--- Given entries ---
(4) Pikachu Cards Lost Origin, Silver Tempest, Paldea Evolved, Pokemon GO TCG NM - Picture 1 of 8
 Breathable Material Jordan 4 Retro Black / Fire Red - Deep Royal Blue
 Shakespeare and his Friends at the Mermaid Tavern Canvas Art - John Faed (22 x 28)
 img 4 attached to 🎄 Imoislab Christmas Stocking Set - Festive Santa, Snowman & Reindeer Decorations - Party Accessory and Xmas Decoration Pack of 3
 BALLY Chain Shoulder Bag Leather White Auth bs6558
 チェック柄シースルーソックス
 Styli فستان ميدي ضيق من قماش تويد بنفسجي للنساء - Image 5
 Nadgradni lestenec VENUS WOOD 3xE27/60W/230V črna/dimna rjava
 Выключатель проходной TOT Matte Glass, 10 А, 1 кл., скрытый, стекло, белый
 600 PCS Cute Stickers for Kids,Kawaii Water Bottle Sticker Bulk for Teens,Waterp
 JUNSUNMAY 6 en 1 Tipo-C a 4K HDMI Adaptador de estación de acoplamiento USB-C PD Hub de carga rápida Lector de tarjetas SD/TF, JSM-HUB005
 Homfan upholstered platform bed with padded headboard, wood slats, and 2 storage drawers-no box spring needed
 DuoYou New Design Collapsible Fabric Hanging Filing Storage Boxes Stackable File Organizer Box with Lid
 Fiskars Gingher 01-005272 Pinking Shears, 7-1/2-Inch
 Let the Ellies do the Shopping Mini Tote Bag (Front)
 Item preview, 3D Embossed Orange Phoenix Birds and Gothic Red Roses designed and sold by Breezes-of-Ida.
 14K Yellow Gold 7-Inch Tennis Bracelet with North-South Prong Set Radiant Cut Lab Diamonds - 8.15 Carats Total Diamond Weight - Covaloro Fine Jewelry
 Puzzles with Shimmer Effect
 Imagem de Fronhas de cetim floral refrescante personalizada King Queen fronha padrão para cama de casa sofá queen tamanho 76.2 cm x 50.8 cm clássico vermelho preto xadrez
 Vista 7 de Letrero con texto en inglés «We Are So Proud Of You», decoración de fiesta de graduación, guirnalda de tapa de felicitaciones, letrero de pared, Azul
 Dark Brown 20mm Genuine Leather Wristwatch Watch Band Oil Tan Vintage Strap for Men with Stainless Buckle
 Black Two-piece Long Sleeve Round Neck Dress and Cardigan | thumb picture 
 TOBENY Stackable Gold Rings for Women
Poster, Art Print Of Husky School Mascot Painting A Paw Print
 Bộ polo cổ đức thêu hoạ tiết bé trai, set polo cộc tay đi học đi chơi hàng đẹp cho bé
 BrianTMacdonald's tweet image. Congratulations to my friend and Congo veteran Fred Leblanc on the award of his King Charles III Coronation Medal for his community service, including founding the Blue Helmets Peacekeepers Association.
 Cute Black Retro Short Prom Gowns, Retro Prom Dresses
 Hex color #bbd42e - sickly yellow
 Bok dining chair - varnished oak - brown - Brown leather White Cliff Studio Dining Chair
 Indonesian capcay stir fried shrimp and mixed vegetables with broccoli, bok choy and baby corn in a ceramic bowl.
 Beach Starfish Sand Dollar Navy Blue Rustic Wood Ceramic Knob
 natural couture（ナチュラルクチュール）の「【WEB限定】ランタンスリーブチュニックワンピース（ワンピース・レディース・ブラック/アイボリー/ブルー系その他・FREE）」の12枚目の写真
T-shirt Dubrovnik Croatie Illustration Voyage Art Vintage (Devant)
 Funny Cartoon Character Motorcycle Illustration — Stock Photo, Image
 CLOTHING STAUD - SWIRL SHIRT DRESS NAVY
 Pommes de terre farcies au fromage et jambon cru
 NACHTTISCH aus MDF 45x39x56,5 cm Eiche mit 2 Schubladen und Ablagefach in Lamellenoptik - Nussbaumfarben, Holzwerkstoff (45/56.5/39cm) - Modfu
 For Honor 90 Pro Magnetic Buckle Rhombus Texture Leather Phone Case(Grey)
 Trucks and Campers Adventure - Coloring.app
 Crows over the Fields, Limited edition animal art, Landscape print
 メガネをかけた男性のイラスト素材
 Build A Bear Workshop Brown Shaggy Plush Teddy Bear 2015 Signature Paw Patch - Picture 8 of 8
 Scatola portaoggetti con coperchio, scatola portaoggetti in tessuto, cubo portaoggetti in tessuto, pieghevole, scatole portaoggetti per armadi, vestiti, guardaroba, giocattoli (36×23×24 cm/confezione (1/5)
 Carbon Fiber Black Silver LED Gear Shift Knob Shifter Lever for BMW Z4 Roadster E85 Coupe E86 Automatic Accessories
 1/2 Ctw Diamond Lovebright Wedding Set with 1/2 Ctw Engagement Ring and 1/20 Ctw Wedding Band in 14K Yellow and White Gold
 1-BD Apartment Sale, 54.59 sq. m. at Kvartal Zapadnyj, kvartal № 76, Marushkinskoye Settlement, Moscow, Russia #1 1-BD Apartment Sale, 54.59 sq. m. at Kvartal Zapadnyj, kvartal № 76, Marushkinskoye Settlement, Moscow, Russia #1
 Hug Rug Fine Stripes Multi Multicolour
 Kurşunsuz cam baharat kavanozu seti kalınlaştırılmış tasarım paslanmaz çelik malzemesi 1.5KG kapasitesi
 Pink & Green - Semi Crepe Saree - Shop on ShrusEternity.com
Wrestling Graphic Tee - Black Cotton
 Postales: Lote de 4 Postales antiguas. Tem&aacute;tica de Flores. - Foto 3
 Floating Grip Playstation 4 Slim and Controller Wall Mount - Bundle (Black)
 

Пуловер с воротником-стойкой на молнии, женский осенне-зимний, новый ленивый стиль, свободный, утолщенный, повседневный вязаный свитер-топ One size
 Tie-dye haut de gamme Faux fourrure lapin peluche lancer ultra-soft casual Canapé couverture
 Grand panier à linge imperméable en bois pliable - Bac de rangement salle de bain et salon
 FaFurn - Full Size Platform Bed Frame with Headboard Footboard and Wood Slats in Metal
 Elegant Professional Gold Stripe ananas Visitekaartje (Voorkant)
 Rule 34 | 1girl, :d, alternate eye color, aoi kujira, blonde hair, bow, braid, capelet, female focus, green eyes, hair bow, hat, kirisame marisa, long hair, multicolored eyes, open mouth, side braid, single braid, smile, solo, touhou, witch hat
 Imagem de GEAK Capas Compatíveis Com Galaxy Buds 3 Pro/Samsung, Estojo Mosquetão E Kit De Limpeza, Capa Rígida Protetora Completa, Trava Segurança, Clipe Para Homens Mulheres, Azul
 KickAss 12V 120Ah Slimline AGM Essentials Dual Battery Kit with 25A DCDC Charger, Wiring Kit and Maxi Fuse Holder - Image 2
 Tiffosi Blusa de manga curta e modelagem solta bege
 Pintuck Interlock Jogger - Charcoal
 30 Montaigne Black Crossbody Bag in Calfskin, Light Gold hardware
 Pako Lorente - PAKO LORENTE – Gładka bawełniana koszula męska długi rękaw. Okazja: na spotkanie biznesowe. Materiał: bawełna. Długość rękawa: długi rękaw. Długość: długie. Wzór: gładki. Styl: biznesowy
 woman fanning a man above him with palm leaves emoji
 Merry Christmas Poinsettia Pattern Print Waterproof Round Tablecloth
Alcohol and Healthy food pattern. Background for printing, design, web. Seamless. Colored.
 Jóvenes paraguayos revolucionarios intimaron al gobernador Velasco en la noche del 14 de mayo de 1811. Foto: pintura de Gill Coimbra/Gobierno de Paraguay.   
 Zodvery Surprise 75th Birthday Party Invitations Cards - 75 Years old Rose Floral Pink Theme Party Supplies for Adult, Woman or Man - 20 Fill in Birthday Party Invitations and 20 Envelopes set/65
---
Look through the entries above, and wherever a line holds the string "Vintage", copy it.

Your solution:
 Dark Brown 20mm Genuine Leather Wristwatch Watch Band Oil Tan Vintage Strap for Men with Stainless Buckle
T-shirt Dubrovnik Croatie Illustration Voyage Art Vintage (Devant)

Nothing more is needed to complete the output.